◆ Directions for this task
Beginning at the line that contains "Numbered limited edition", reproduce the entries below exactly, ending with the line that contains "Champion hoodie med dragsko - Röd". Omit each picture.

◆ Study material
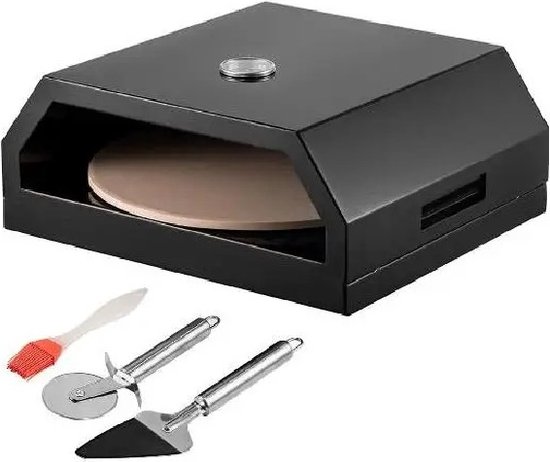 Gran Vida Pizza Oven 30cm RVS Zwart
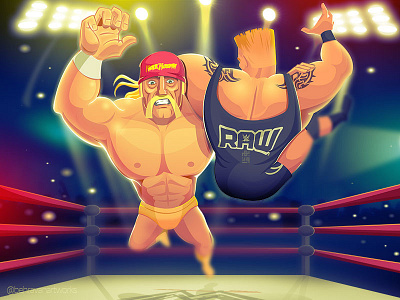 Hulk Hogan hulk hogan illustration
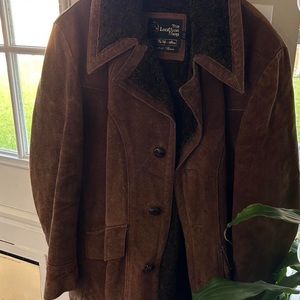 Vintage Fur lined Leather Jacket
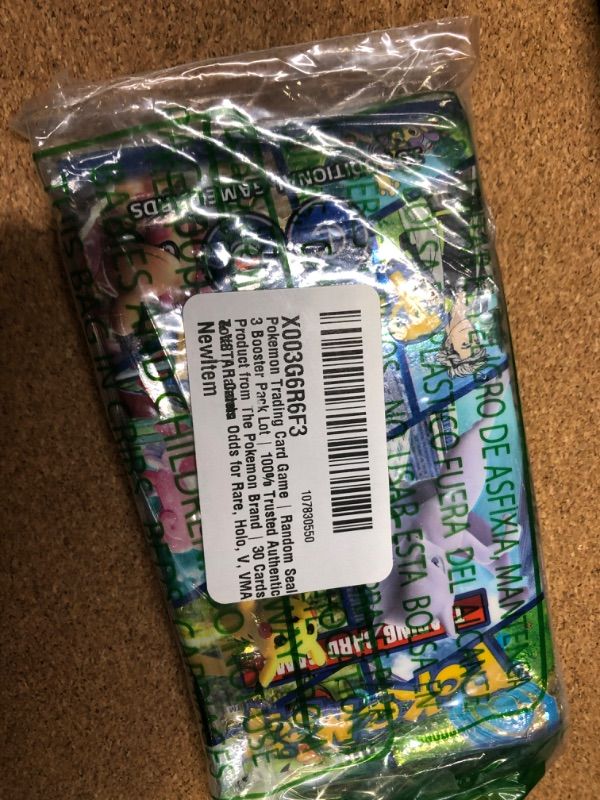 Photo 3 of ------Random Sealed-----Pokemon Trading Card Game | Random Sealed 3 Booster Pack Lot | 100% Trusted Authentic Product from The Pokemon Brand | 30 Cards Total | Random Odds for Rare, Holo, V, VMAX & VSTAR Cards
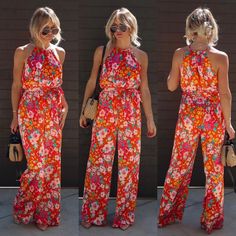 Size Small Brand New With Tags Vicidolls Floral Jumpsuit Super Cute! Sleeveless Non-stretch Floral Jumpsuits And Rompers, Sleeveless Floral Print Jumpsuits, Red Non-stretch Jumpsuits And Rompers, Red Jumpsuits And Rompers For Beach In Spring, Red Jumpsuits And Rompers For Spring Beach Outings, Non-stretch Floral Jumpsuits And Rompers For Vacation, Chic Red Jumpsuits And Rompers For Vacation, Fitted Printed Jumpsuits And Rompers For Day Out, Orange Floral Print Summer Jumpsuits And Rompers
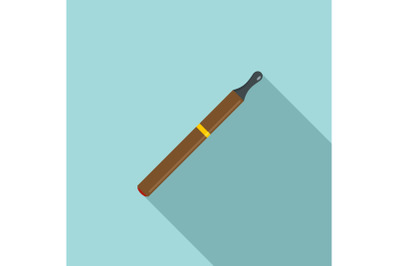 Electric cigarette icon, flat style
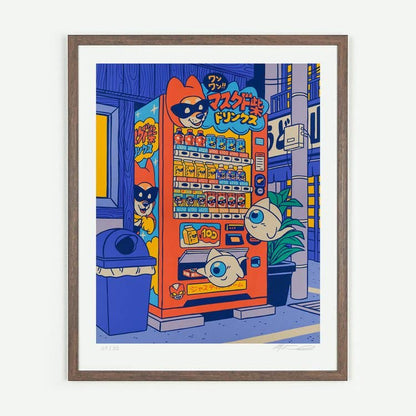 “Dinner in town 3" art print - Numbered limited edition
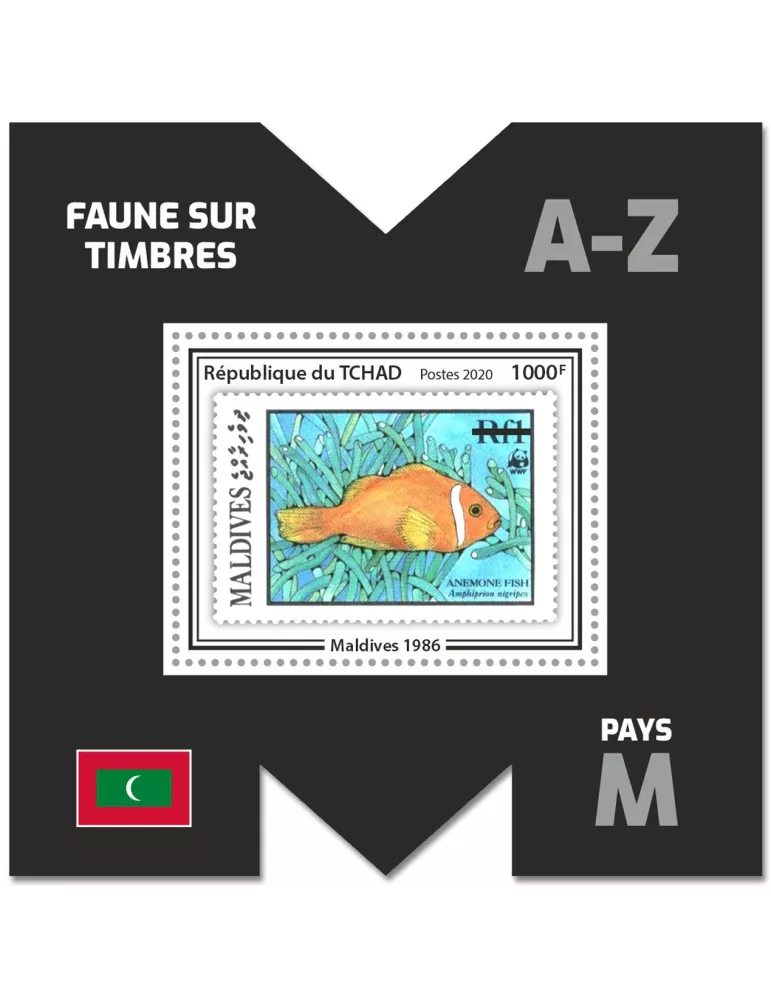 n° 312  - Timbre TCHAD Blocs et feuillets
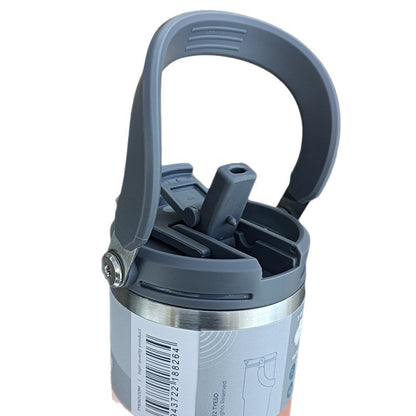 Double Wall Stainless Steel Thermos Cup with Handle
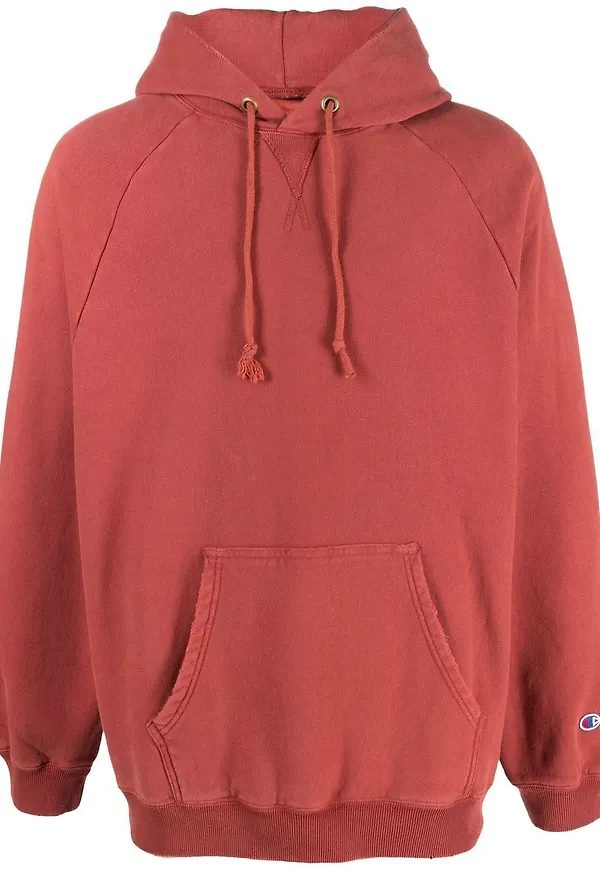 Champion hoodie med dragsko - Röd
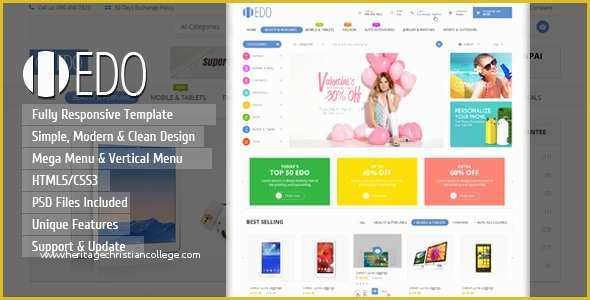 Free Ecommerce HTML Template Of Edo E Merce Responsive HTML Template by Kutethemes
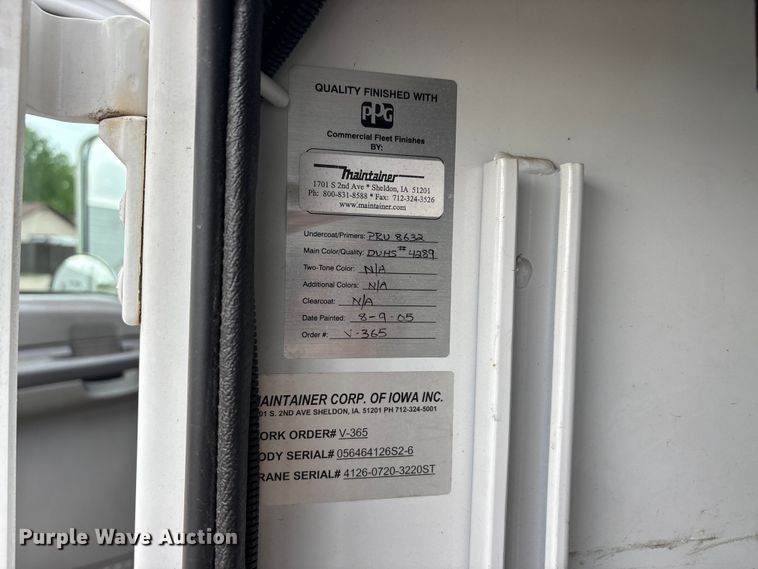 image for item DV8501 2006 Ford F650 Super Duty utility / service truck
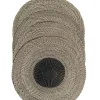 The Woven Placemat in Natural Black, Set of 4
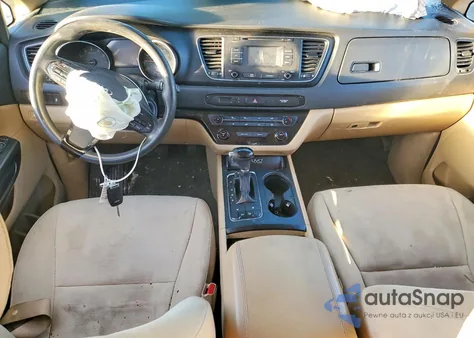 2015 Kia Sedona Lx из США, поврежденный, VIN KNDMB5C10F6019408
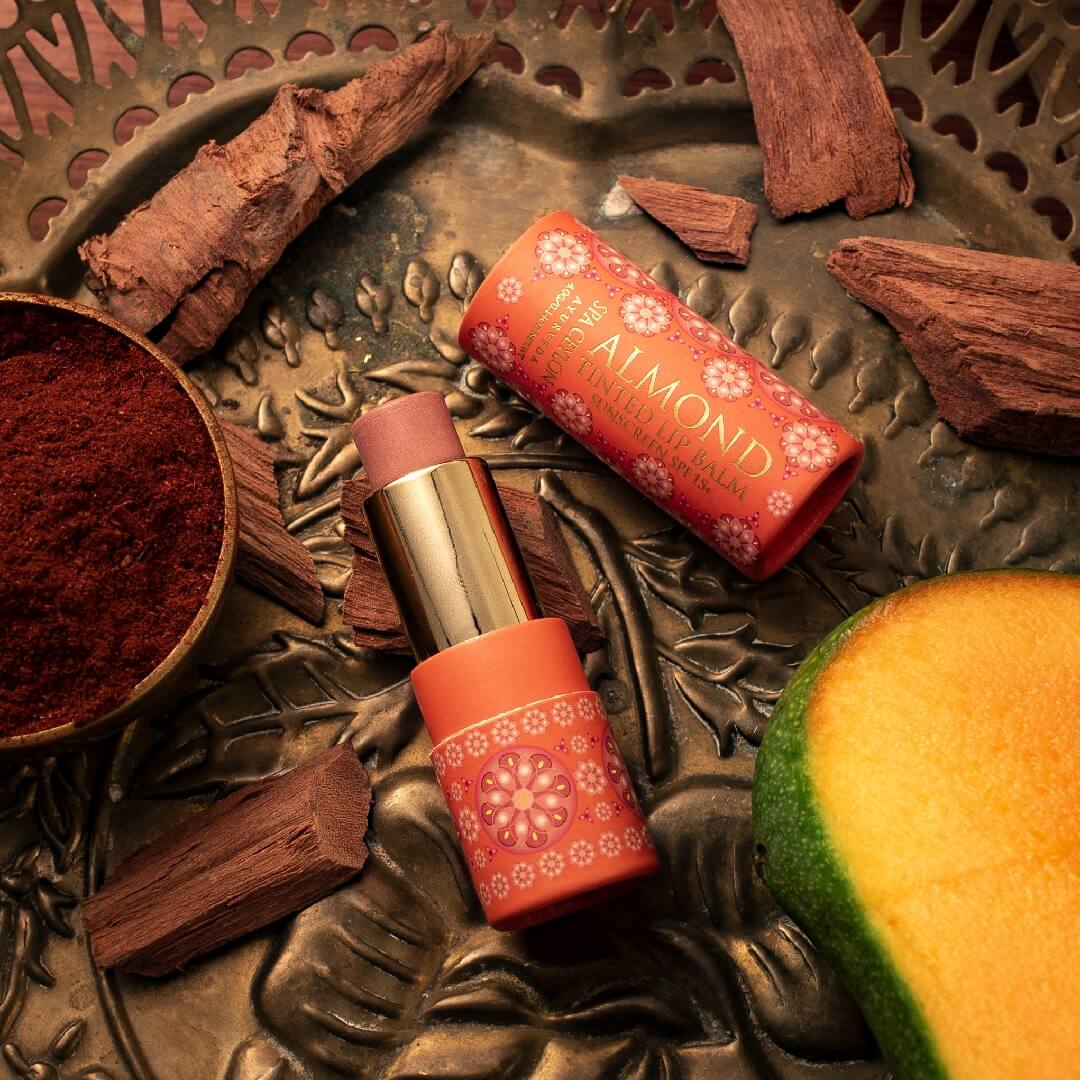 Almond Tinted Lip Balm - Sandalwood SPF 15+ - Image 6
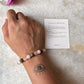 Intention- Improve Fertility 8MM Natural Crystal Bracelet
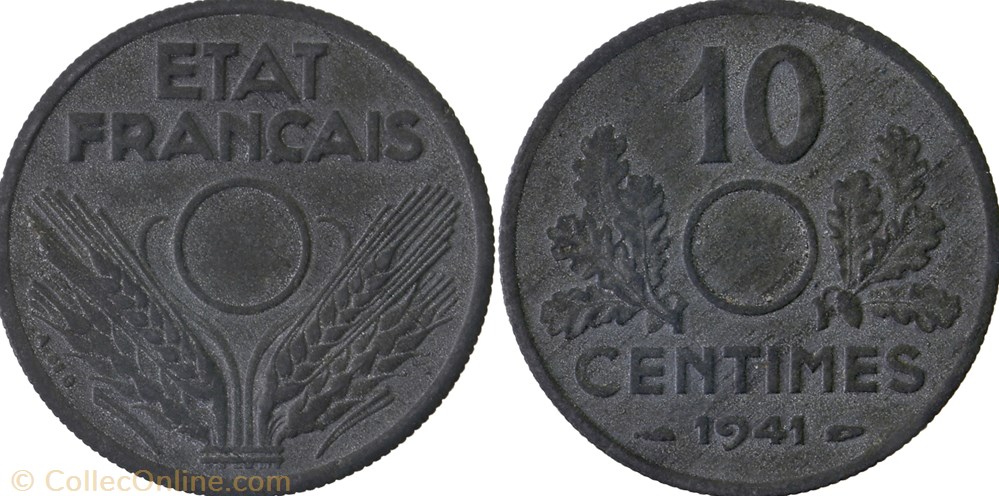 10 centimes état français non troué monnaie france moderne 10 centimes etat francais non troue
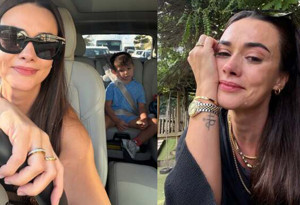 Oğlu okula başlayan Hande Soral gözyaşlarına boğuldu
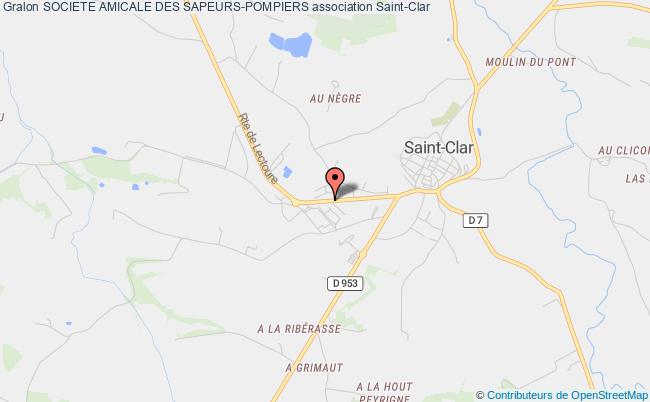 plan association Societe Amicale Des Sapeurs-pompiers Saint-Clar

◆ Response below
 “Dinner in town 3" art print - Numbered limited edition
 n° 312  - Timbre TCHAD Blocs et feuillets
 Double Wall Stainless Steel Thermos Cup with Handle
 Champion hoodie med dragsko - Röd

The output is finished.